▸ What you will do
Having located the line with "A Armadura De Deus | PDF | Fé | Deus", print it and each remaining line exactly, stopping at the end of the material and omitting pictures.

▸ Supplied information

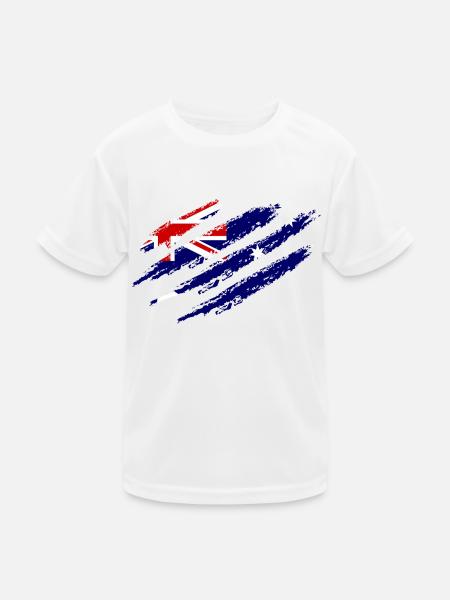Australia Flag Scratch Claws Cut Down Under - Kids Functional T-Shirt - white
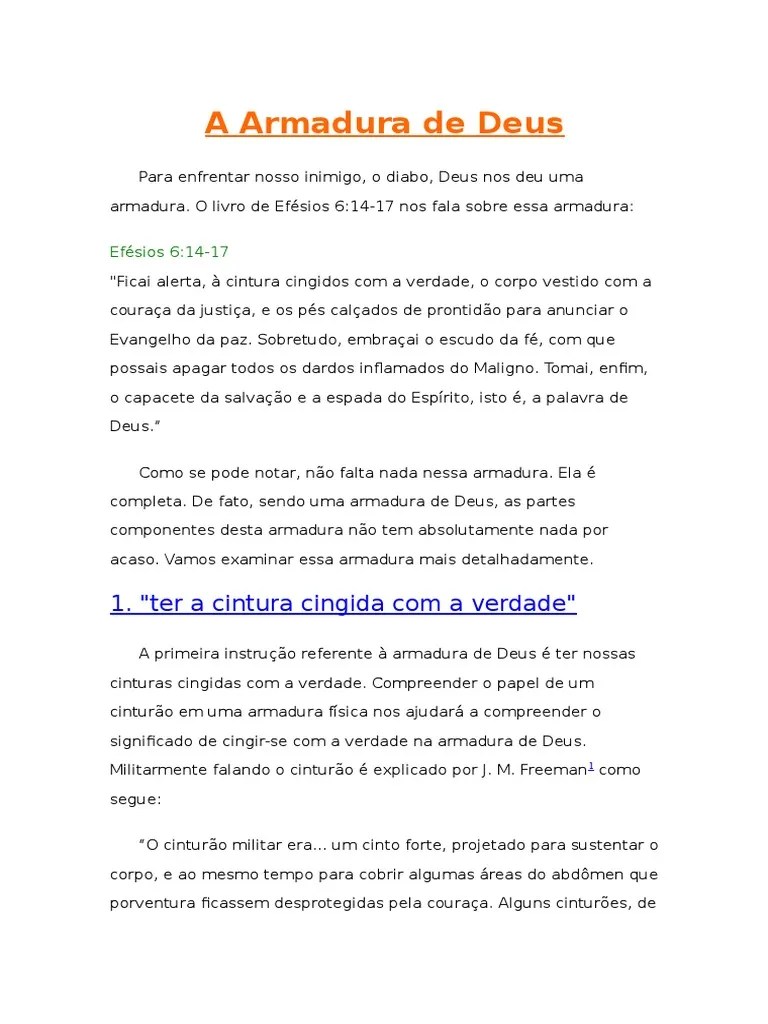 A Armadura De Deus | PDF | Fé | Deus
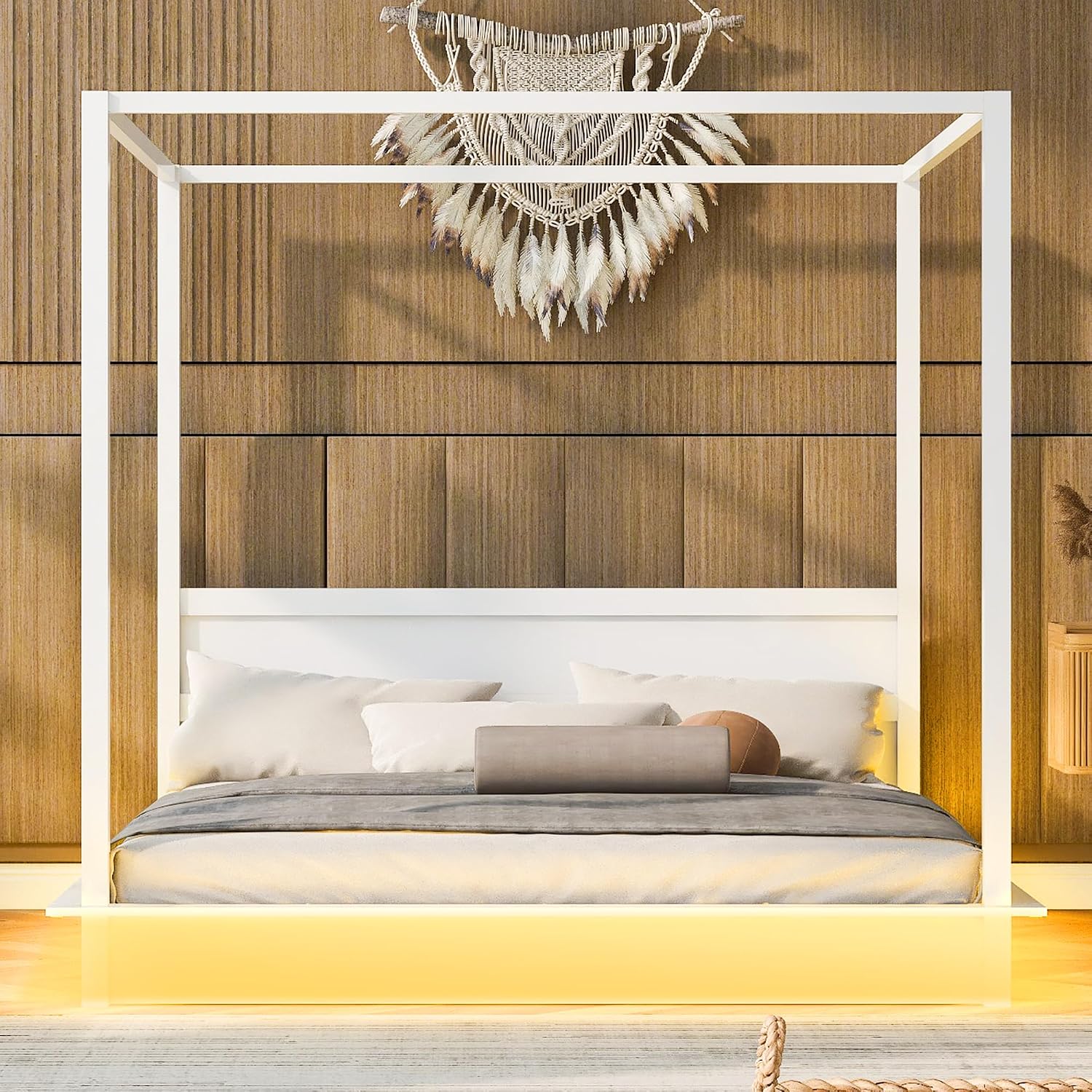 King Size Canopy Platform Bed with LED Lights and Headboard, Wooden 4-Post Canopy Bed Frame with Support Slats, No Box Spring Needed (King)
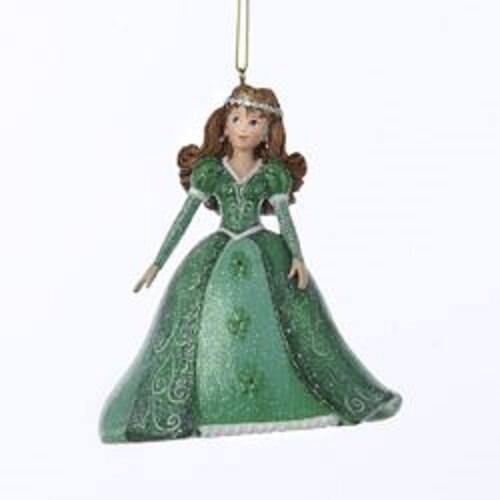 Kurt Adler - Pretty as a Princess Catherine Glittered Christmas Ornament - 4" - Green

▸ Exercise solution
 A Armadura De Deus | PDF | Fé | Deus
 King Size Canopy Platform Bed with LED Lights and Headboard, Wooden 4-Post Canopy Bed Frame with Support Slats, No Box Spring Needed (King)
 Kurt Adler - Pretty as a Princess Catherine Glittered Christmas Ornament - 4" - Green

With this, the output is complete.